Well, I have good new for you:

Out of all the possible things you could know about diet and training, 20% are going to give you 80%+ of your results.

In fact, I’d go as far as saying that the average person looking to build a lean, muscular, strong physique can learn everything they need to know in 7 to 8 hours of reading. (And that’s what I try to provide in my books.)

Don’t get me wrong–I’m all for continuing to learn and improve, but if you don’t manage your “information flow” properly, you can easily fall into the trap of “analysis by paralysis.”

So, this episode isn’t going to teach you everything you need to know, but it’s going to give you a thorough understanding of the fundamentals of muscle building. Put these five principles into use and you will see results.

Episode Transcript:

Mike: [00:00:31] I am going to give you the five most effective things you can do to gain muscle faster, to build bigger muscles faster. Now, these aren’t the only things that you can do, of course, because there are many, many things that you can do that will impact muscle building to one degree or another. But these five things are really the 20 percent of muscle building that’s going to give you 80 percent of the results.

These are the fundamentals, the non-negotiables, the primary factors that drive muscle growth. So if you’re looking to gain muscle faster, then make sure you’re getting these five things right before bothering with anything else, really. Because if you don’t get these five things right, then nothing else is going to matter all that much.


[00:01:19] For example, if you’re not eating enough protein and enough calories every day, then your meal timing doesn’t really matter. So whether you are following intermittent fasting type of protocol or a more traditional type of protocol, whether or not you are eating before, during, or after your workouts, none of that matters if you don’t first get the fundamentals of caloric and protein intake right.


[00:01:43] Okay, so the first tip is to train harder, but not too hard. Now, when it comes to working out, most people fall into one of two buckets: they either push themselves way harder than they should in their training or they don’t push themselves hard enough. And as far as mistakes go, I would say the former is probably worse because it eats up time, it eats up your health, it eats up your motivation, and it also can eventually lead to overtraining.

Overtraining isn’t easy to do when many people think they’re overtrained. They are factually not. But you can get there if you push yourself hard enough for long enough and if you are in a caloric deficit as well, or at least in a deficit far more often than a surplus, you can get there.


[00:02:32] The key to making long term steady progress then is somewhere in the middle of those two extremes.

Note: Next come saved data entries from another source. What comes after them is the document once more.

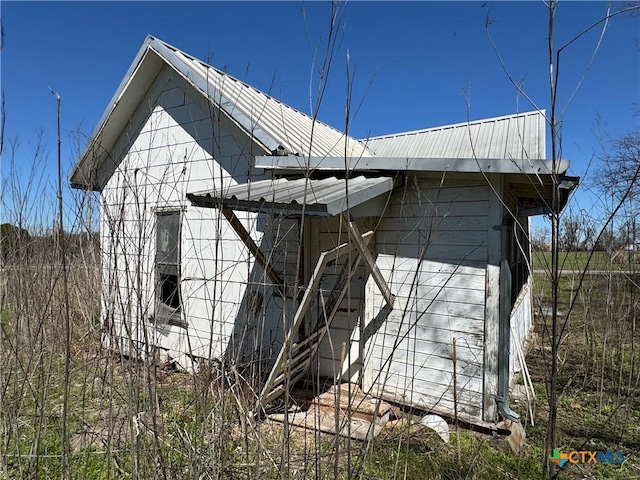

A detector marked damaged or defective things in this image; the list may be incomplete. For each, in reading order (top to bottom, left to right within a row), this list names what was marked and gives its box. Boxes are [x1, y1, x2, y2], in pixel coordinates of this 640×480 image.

broken window [155, 211, 182, 326] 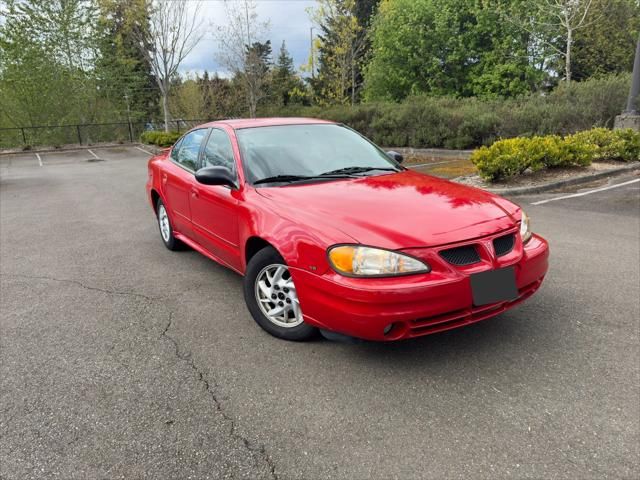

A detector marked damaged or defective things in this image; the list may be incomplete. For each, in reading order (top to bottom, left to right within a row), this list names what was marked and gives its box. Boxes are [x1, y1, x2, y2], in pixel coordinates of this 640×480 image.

cracked pavement [1, 148, 640, 478]
missing front license plate [470, 264, 520, 306] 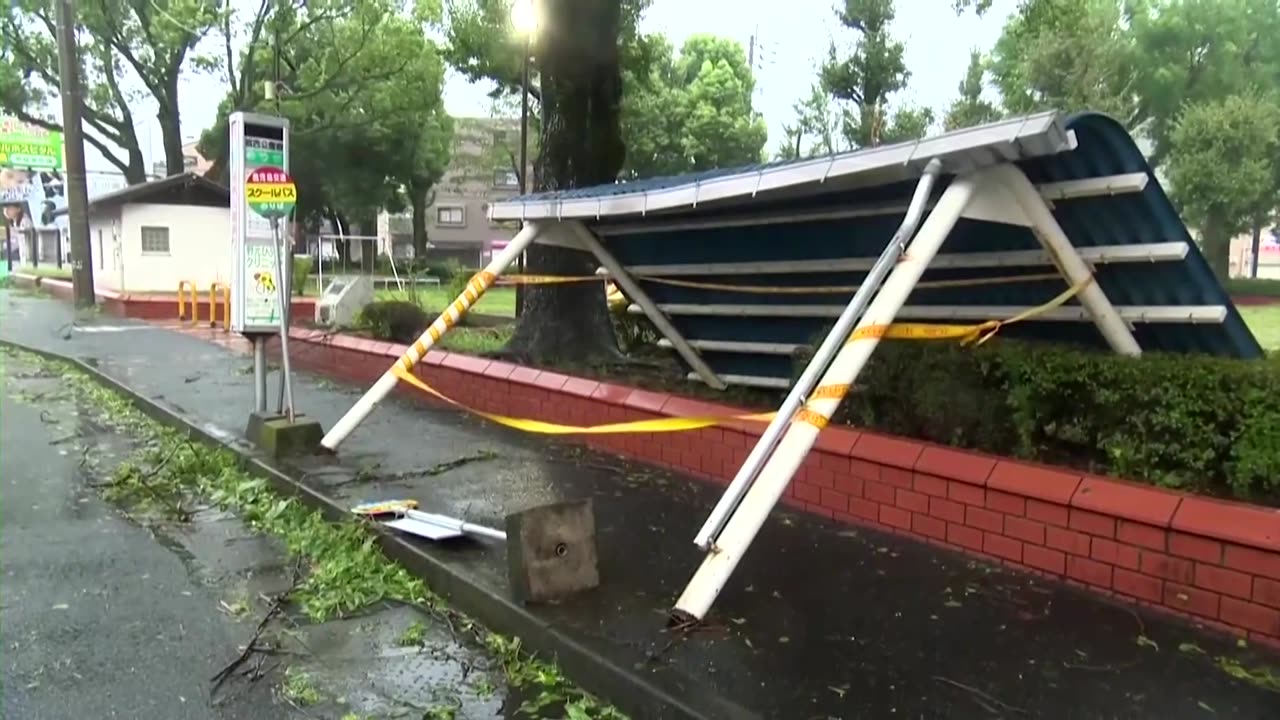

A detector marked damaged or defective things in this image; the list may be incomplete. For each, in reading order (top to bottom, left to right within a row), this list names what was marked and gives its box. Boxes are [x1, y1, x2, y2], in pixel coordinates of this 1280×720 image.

overturned bus shelter [318, 111, 1264, 624] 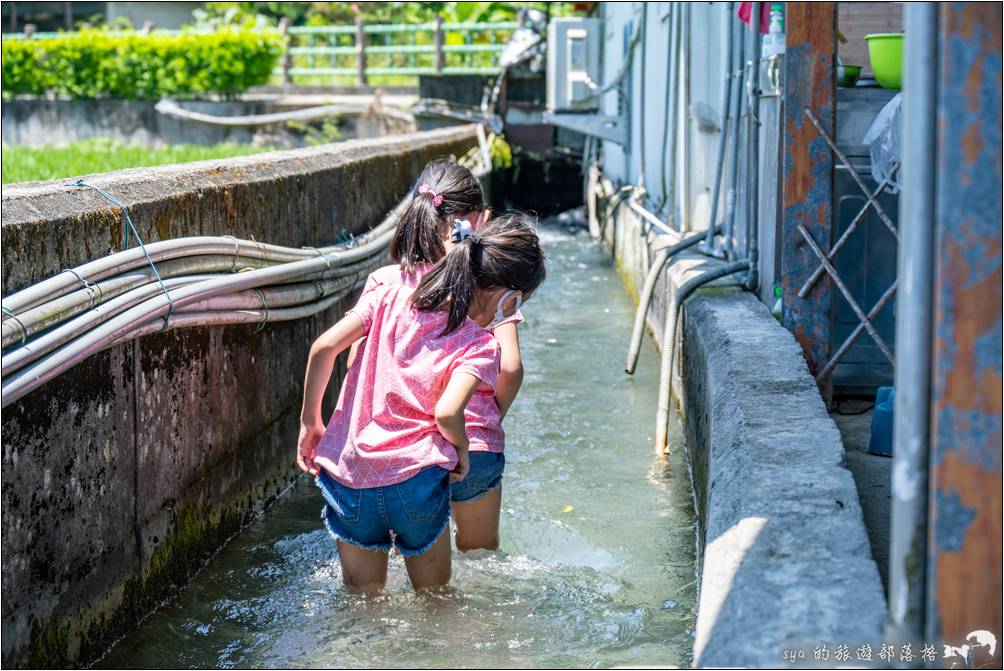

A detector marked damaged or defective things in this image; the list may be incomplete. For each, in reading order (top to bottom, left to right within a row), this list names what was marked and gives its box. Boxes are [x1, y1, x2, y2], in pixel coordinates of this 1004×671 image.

So you want to be training hard enough to overreach, to push your body a bit beyond its limits, so then it can adapt, but you don’t want to go so far as to overtrain and you also don’t want to fall into a rut of half-assed, kind of just good enough workouts that don’t really produce any results.


[00:03:02] And that last point is particularly important because it explains why so many people start out, do well, see great changes in the mirror, see a great progression in the gym, but then after six or nine months or so, fail to see any further progress. What they don’t realize is just how rigorous you have to be with both your diet and your training to continue making progress as an intermediate and then eventually an advanced weightlifter.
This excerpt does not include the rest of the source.